Exercise directions: Begin the copy at the line containing "1950 ca GERMANIA" in the data below and end it at the line containing "El realizador y", keeping each line exact and leaving out pictures.

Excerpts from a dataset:
######

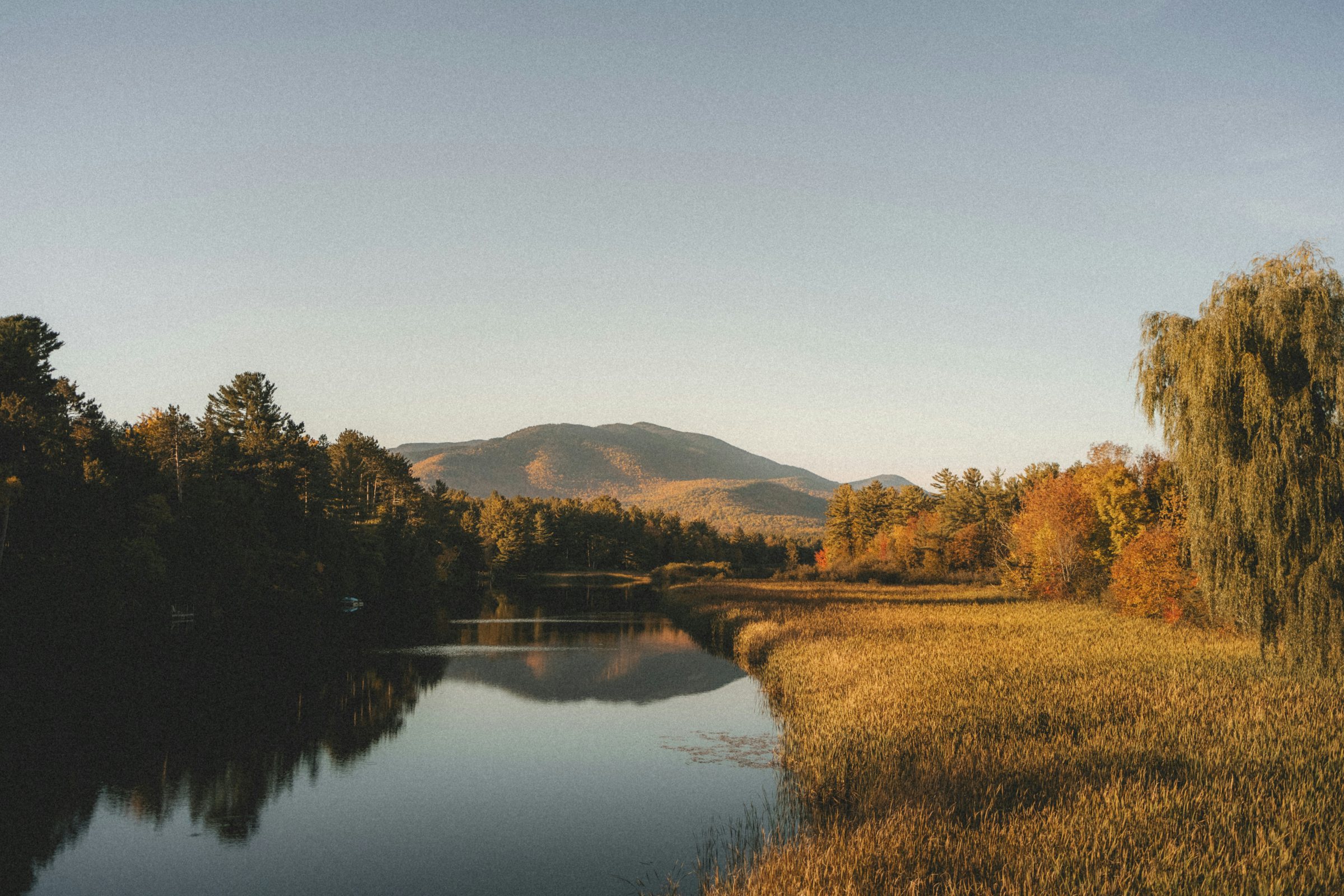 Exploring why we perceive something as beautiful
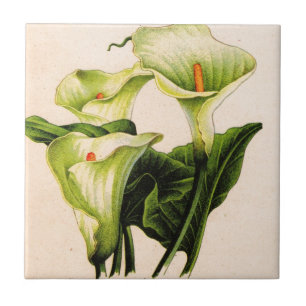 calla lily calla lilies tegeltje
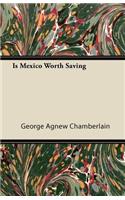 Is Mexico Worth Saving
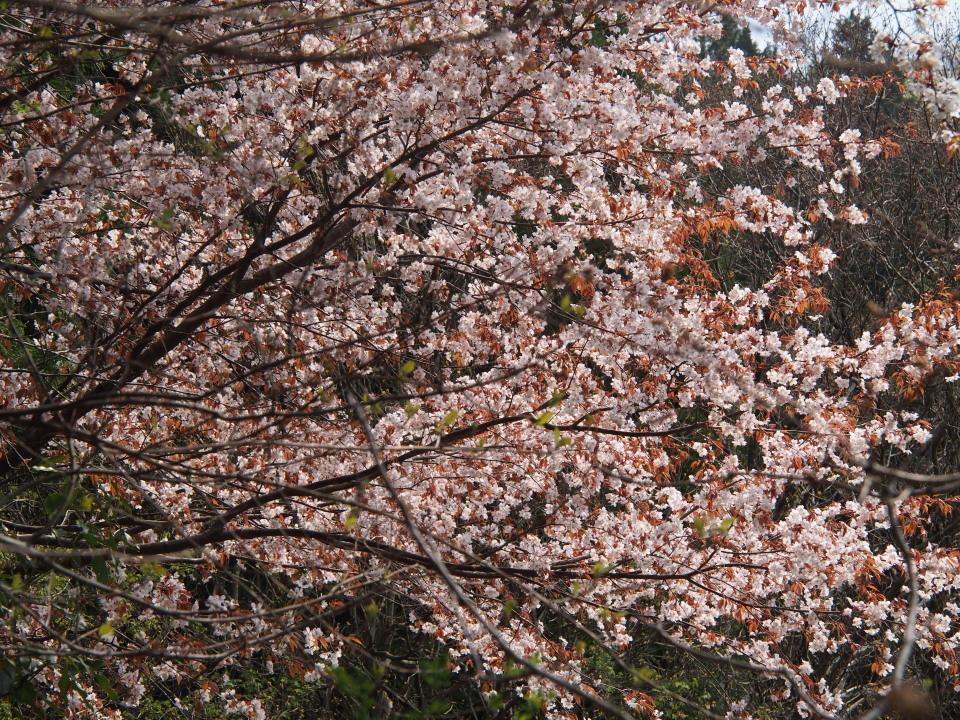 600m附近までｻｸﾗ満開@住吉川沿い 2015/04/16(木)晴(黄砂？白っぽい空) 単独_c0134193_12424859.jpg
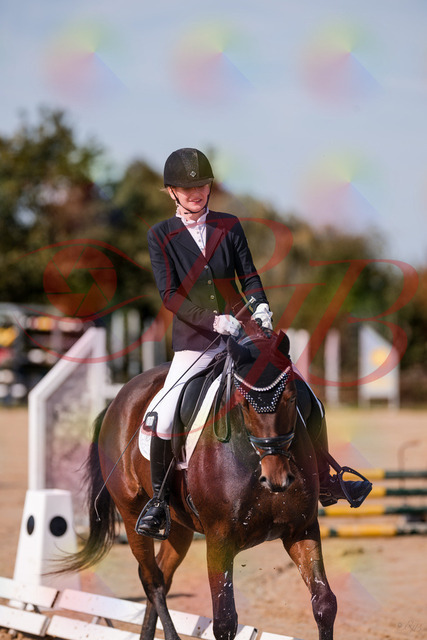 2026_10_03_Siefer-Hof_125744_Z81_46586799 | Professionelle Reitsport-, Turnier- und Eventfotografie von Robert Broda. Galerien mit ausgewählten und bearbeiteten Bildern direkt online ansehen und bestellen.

######

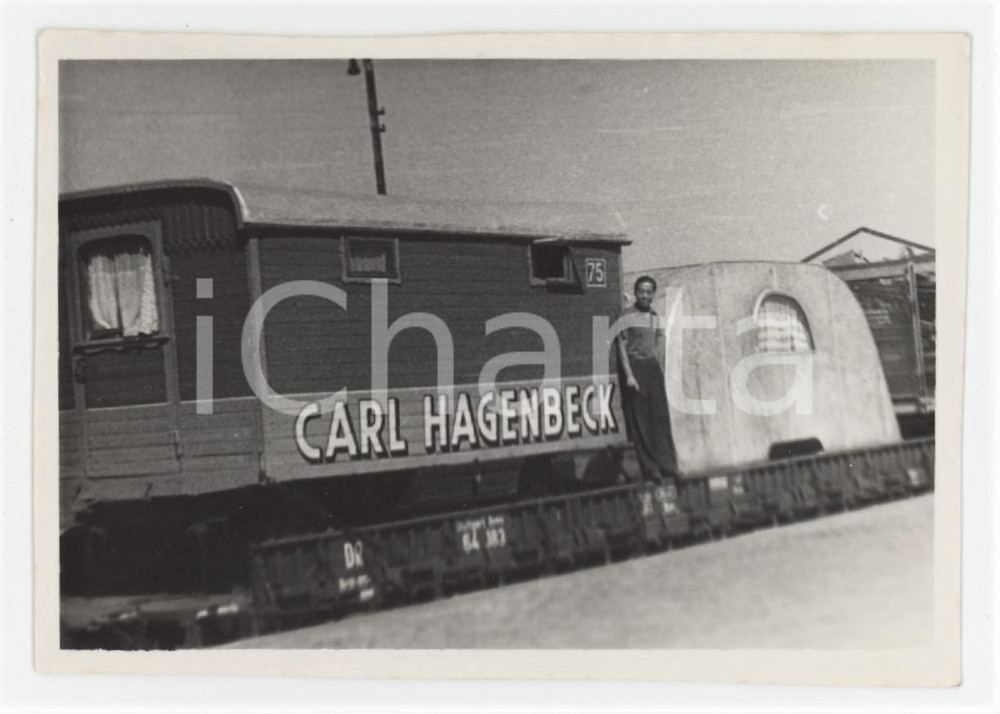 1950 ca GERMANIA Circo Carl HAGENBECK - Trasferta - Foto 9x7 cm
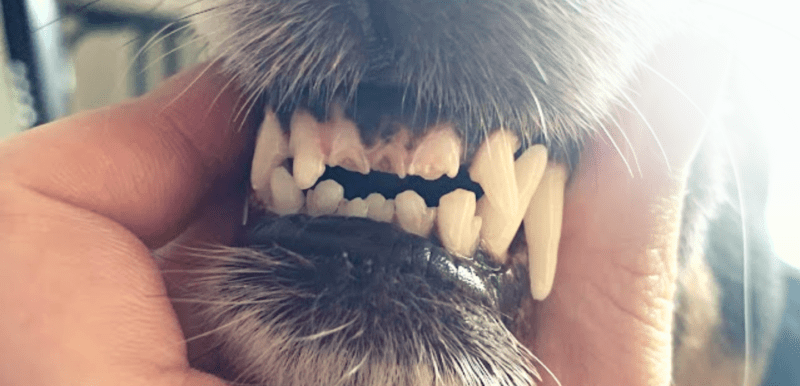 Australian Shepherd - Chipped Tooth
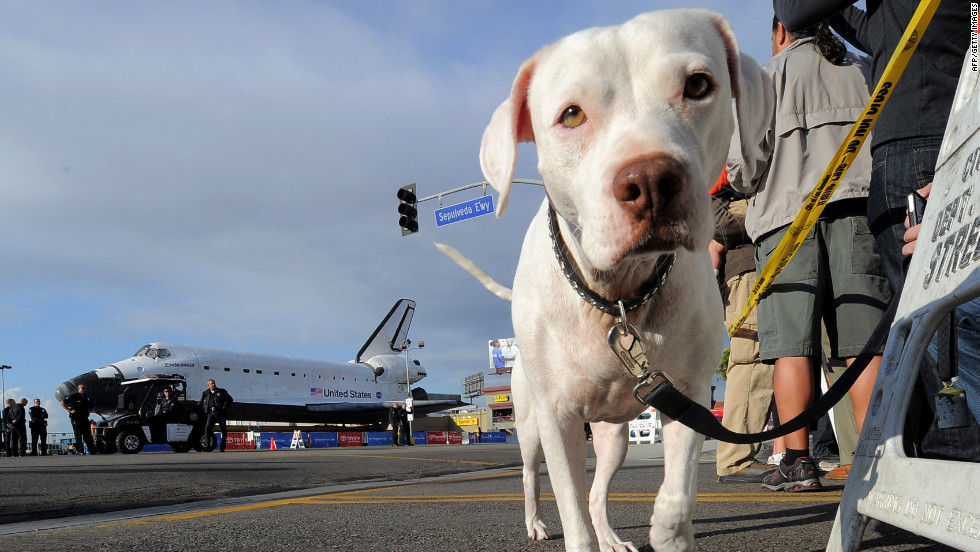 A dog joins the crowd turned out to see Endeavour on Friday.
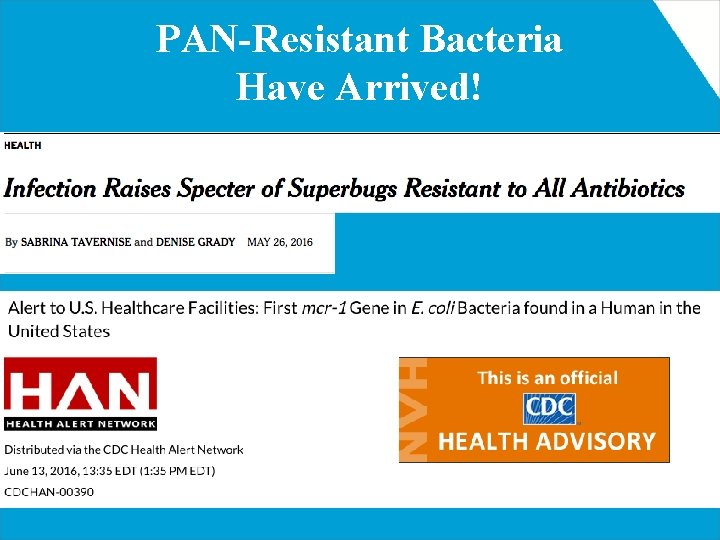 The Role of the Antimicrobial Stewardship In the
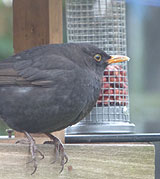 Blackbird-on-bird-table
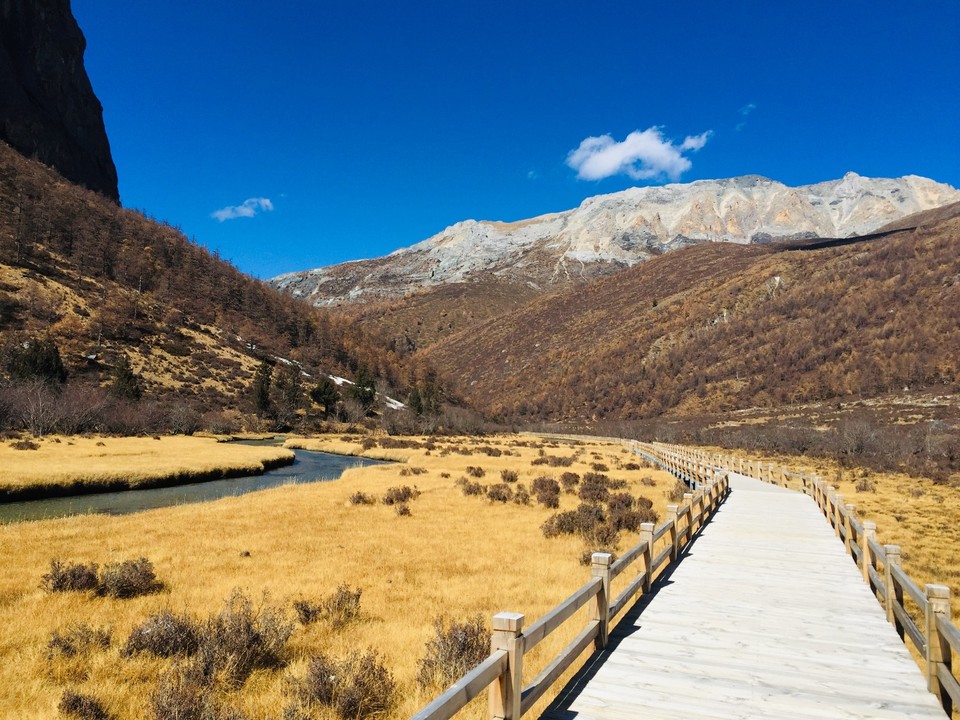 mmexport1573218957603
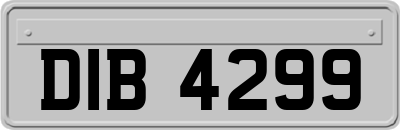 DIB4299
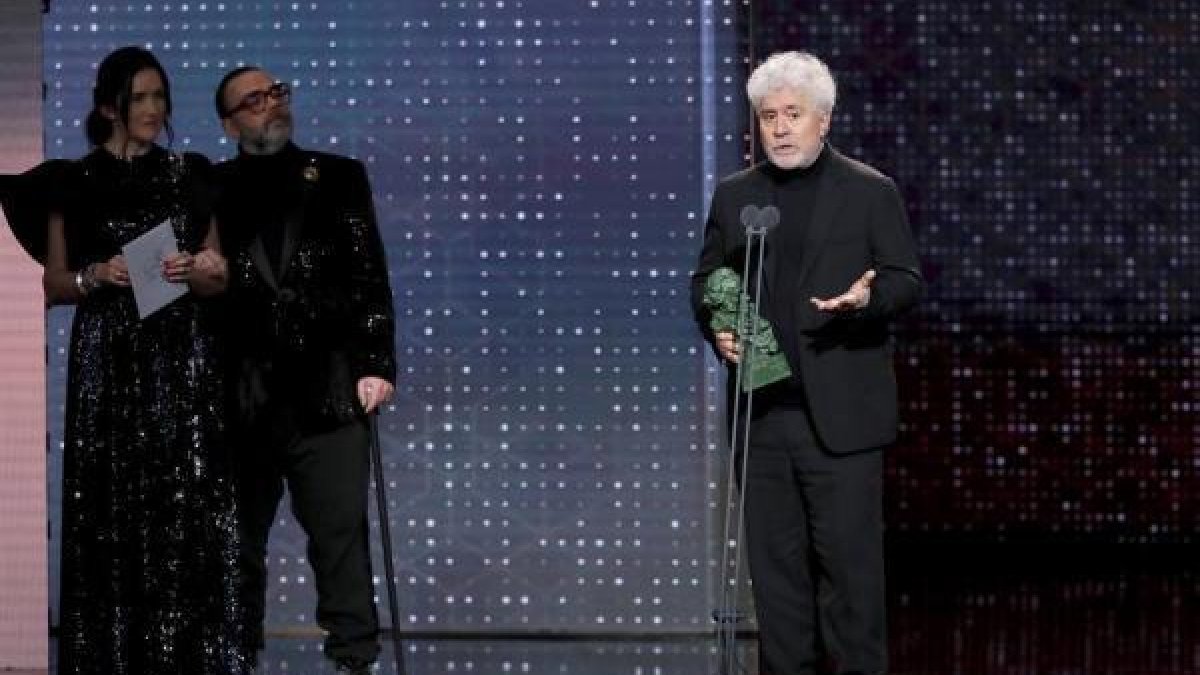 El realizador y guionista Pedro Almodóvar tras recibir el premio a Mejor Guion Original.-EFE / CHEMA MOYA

######

Response box:
 1950 ca GERMANIA Circo Carl HAGENBECK - Trasferta - Foto 9x7 cm
 Australian Shepherd - Chipped Tooth
 A dog joins the crowd turned out to see Endeavour on Friday.
 The Role of the Antimicrobial Stewardship In the
 Blackbird-on-bird-table
 mmexport1573218957603
 DIB4299
 El realizador y guionista Pedro Almodóvar tras recibir el premio a Mejor Guion Original.-EFE / CHEMA MOYA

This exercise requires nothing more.